L’expression de l’opinion politique dépend vraiment du rapport de classe dans lequel elle a lieu. Dans certains milieux, notamment ceux que j’étudie, le conformisme rend très difficile d’être de gauche : tu passes pour un assisté si tu le dis.

Dans un très bon livre d’enquête, Simples militants, Raphaël Challier, montre comment certaines personnes qui touchent le RSA et qui sont stigmatisées comme des « cassos », sur-affirment leur vote pour le RN pour retourner le stigmate. Ce qu’ilmontre c’est que l’affirmation du vote RN permet de dire « on est du côté des gens biens », à côté de ceux qui sont contre l’assistanat, ceux qui veulent travailler… La droite captait les classes populaires avec cette logique : Nicolas Sarkozy l’a très bien fait. Bref, on pourra parler ensuite de la question du racisme et de la xénophobie mais ça me semble déjà important de s’intéresser à ce qui fait qu’on se sent légitime à voter RN.
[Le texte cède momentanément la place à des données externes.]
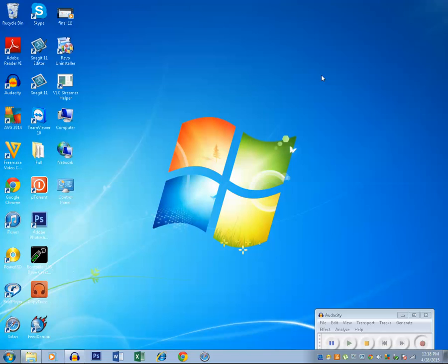In this way you can bring back the icons on the Windows 7 desktop if it's missing.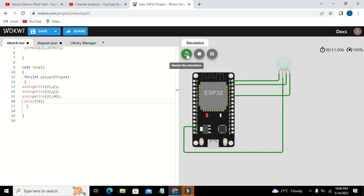So in this way you can change a lot of colors. Or if you want to achieve a single color, you can write or you can use this code. So hopefully you got the concept of how you can use an RGB LED with ESP32 in Wokwi online simulator. Thanks for visiting our channel and don't forget to subscribe.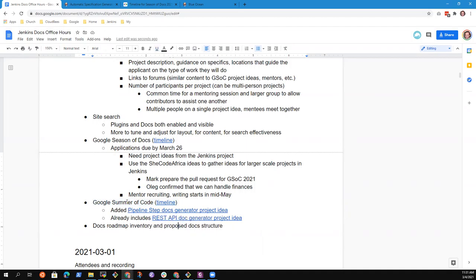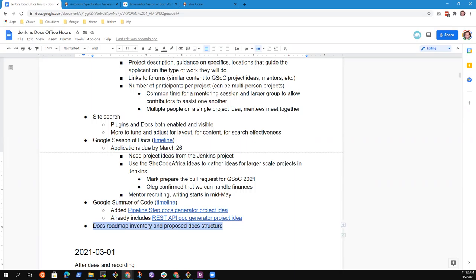I don't have any progress to report on the docs roadmap inventory. I've still got contributor summit things I've got to do to get the roadmap updated on Jenkins.io. It will probably be several weeks before that makes any substantial progress. Any other topics before we close for the day? None for me. Thanks to both of you. Recording will be posted probably within the next hour or so, day or two at most.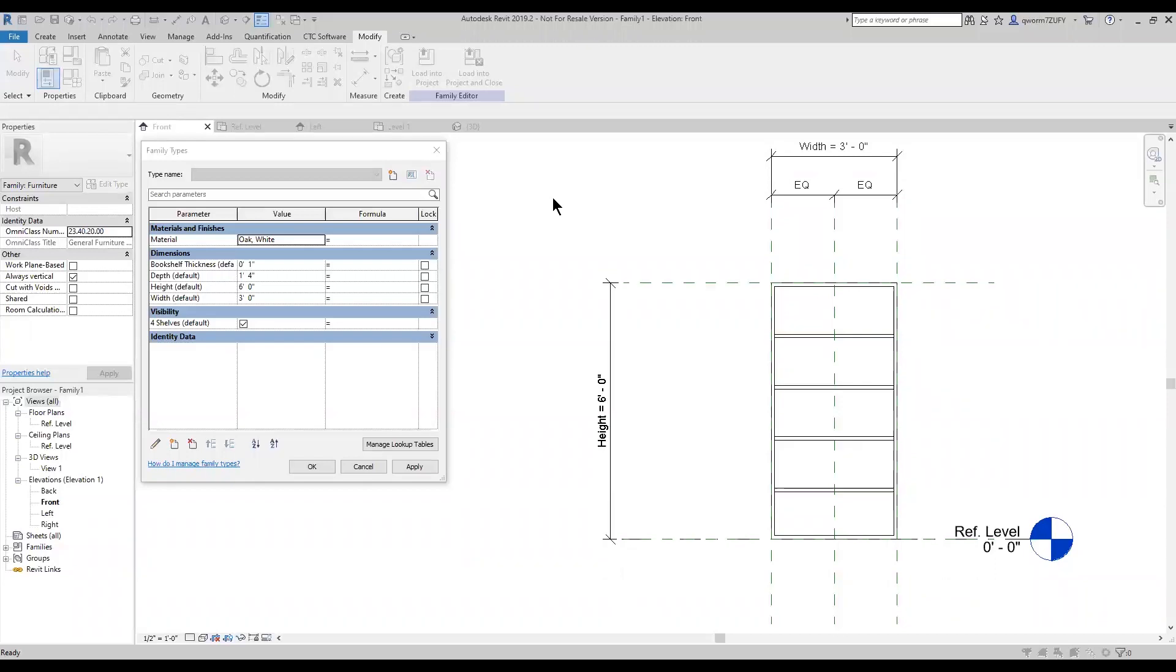Today I will be showing you how to add an if statement to a yes-no parameter. You can see I already have a bookshelf with four shelves on it, and on the left you can see my yes-no parameter for four shelves. Today I'm going to show you how to turn on and off with the if statement a three shelf and four shelves.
Qu’est-ce qui fait qu’on ne vote pas, alors ? Dans la population ouvrière et employée que tu étudies, il y a beaucoup d’abstention par exemple.

Moi je n’ai rien à dire de bien intéressant sur l’abstention. J’ai sans doute un biais avec les enquêtés que je suis, qui ne sont pas les plus précaires (donc pas ceux qui s’abstiennent le plus). Ce sont ces classes populaires stables, propriétaires, qui regardent vers le haut et aspirent à l’enrichissement. Ils ont pour modèle des artisans, commerçants, petits patrons. Qui regardent aussi en bas par peur du déclassement, qui ont quand même des difficultés, notamment des vies familiales heurtées etc. Mais ils gagnent plus que le SMIC – parfois en bossant au black tout le week-end, et ce n’est pas tout rose hein -, arrivent parfois en travaillant avec les copains à construire une piscine dans le jardin etc.. Ceux-là votent RN en majorité, et une minorité s’abstient. Ce ne sont pas des gens qui votent toujours mais ils expriment leur opinion politique ; c’est un milieu où on est déjà un peu plus sûr de soi : en étant dans le haut des classes populaires, dans un monde rural très populaire, c’est déjà être proche du haut de l’espace social. Alors que tu serais à Paris, tu serais pauvre.

Les candidats de gauche, même ceux dont on dit qu’ils sont médiatiques comme Ruffin, sont très peu connus. Personne n’en parle spontanément et quand on leur demande ce ne sont pas les politiques qu’ils vont citer.
La politique pour eux c’est Le Pen – Macron, c’est un duel.

Les profils d’abstentionnistes que j’ai vu étaient difficiles à saisir : il y avait des gens qui me disaient, par exemple, qu’ils soutenaient le RN mais n’allaient jamais voter. J’ai déjà raconté ça ailleurs mais un jour, le JT de 13h de Jean-Pierre Pernaut est venu faire un micro-trottoir dans un village sur lequel j’enquêtais, ils interviewaient un gars que je connaissais et qui n’était pas allé voter la veille, et il racontait au micro qu’il avait voté « Marine ». Il voulait donner le change et voulait passer à la TV. Par ailleurs, c’était quelqu’un qui tenait beaucoup de propos xénophobes dans la vie de tous les jours, donc s’il était allé voter il aurait voté Le Pen. Et je ne sais pas s’il connaissait les autres candidats. En tout cas, c’est elle qui reflète l’offre politique.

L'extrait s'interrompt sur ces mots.